{Surviving Thanksgiving Part II: Play with your Food}


There is a certain element of nostalgia that enters my house when the holidays roll around.  Whether its baking pies, pureeing pumpkin, roasting vegetables,or mashing sweet potatoes, sentimentality permeates everything I do in the kitchen. I am acutely aware that with each and every scent that fills my home, I am creating memories for my family.

Holiday food evokes a certain comfiness  in my brain.  So many of my childhood memories are so strongly associated with food, that a simple whiff of gravy (albeit from a jar) makes me feel like a kid again. Comfort foods define this time of year.  Not only do they fill your tummy, but they embrace you like your favorite childhood blanket.
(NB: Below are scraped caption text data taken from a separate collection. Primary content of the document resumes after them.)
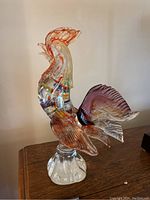Side view of Murano glass rooster showing detailed internal multicolored ribbons and pinkish-red upper portions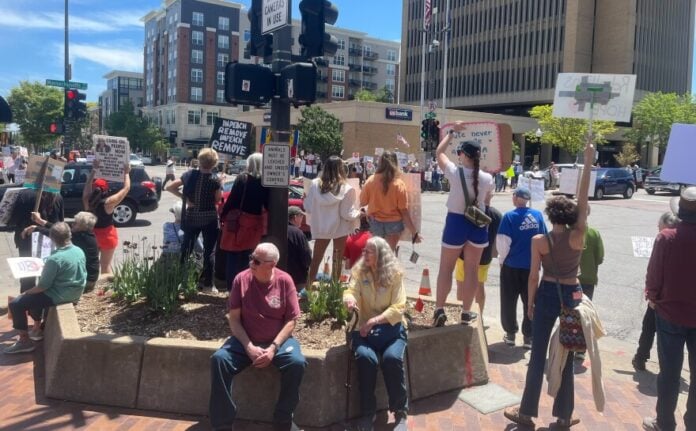 download (66) Protesters gather in downtown Lawrence to protest the Trump administration on Sunday, May 4. They gather each Sunday.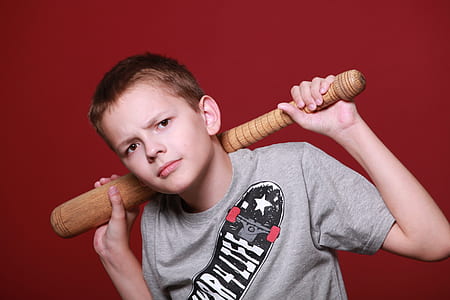 boy holding baseball bat against red background thumbnail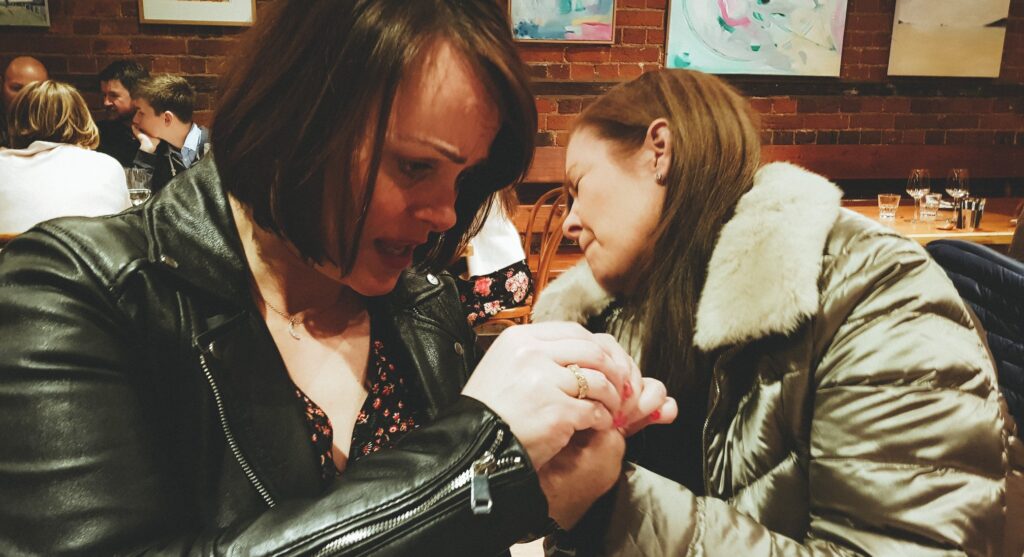 Louise Connolly helping to pick out a painful splinter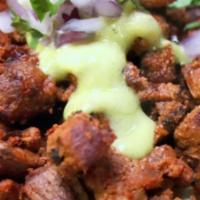 Adobada / Al Pastor Taco - Regular Price · High quality pork shoulder marinaded in achiote seasoning
Hand made style corn tortilla
Guac...
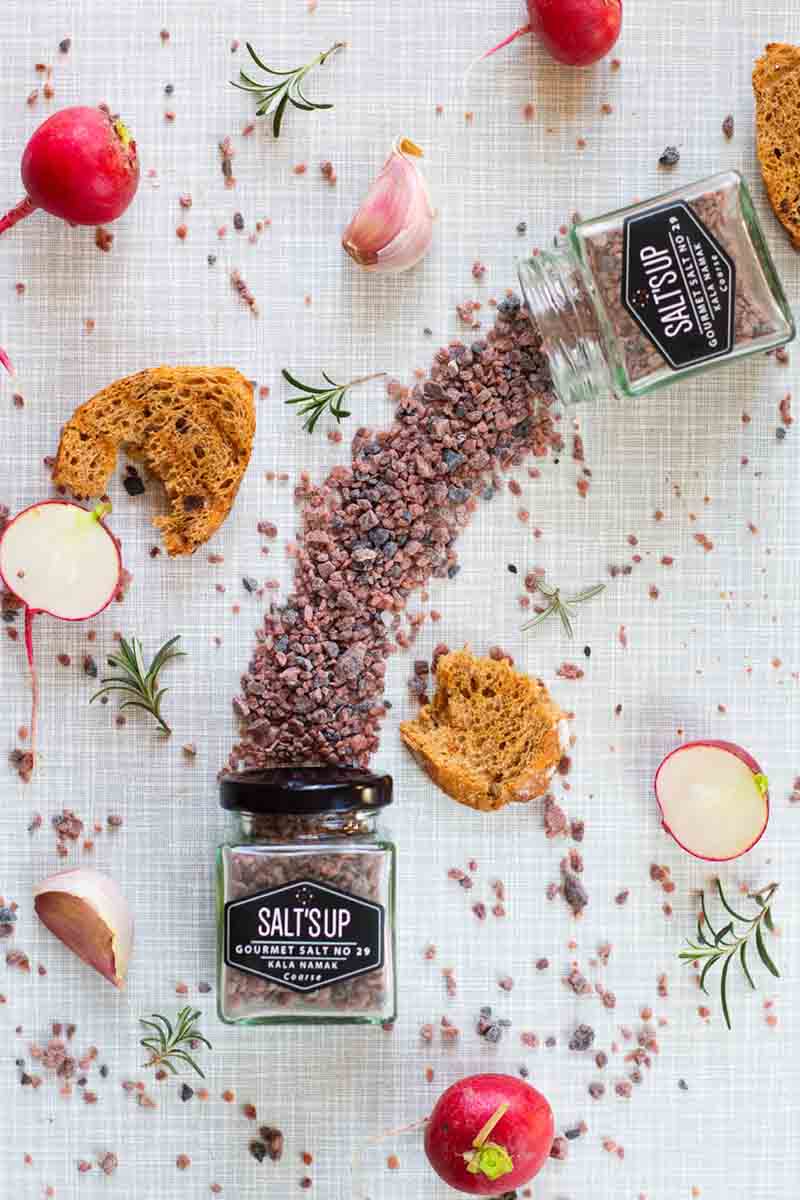 Kala namak/black salt, some displayed on counter and in glass jars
The thing about Thanksgiving foods is there are so many that are naturally appealing to toddlers (and puree nicely for those without teeth.)  I'm not going to tell you what to cook, because I think planning your family's holiday meals is a personal decision.  The very fact that I demand the Stouffer's Stove Top Stuffing of my childhood over whatever gourmet version my mother makes this year, proves this point (very embarassingly).  I am, however, going to tell you the story of my apple pie. 

Nothing quite reminds me of Thanksgiving as much as apple pie.

In eighth  grade I took a Home Economics class at school.  By "Home Economics", I really mean we learned how to scramble eggs and make a pie.  That year, for Thanksgiving, I told my mother that I was going to bake pies.  My mother is fantastic cook, however, baking is not her passion.  Regardless, I decided we were going to have a homemade desert for Thanksgiving.  I made everything from scratch. I purchased a pastry cutter to make the pie crust; I peeled bags of apples; I intricately decorated the crust exactly as my teacher had. I wish we had iPhones and Instagram back then, because that pie was beautiful.  My family ate the pie, and I was happy.  In future years, I upped the ante and made multiple pies.  In the interest of time, I decided to buy the Pillsbury dough frozen.  No one noticed that my love and effort weren't in the dough, my family ate the pie, and I was happy.  As the years went by, Thanksgiving desert became "my thing".  Every year my father still tells me that he can pick up a pumpkin cheesecake from Costco, and I try to explain the love and effort that goes into my pies.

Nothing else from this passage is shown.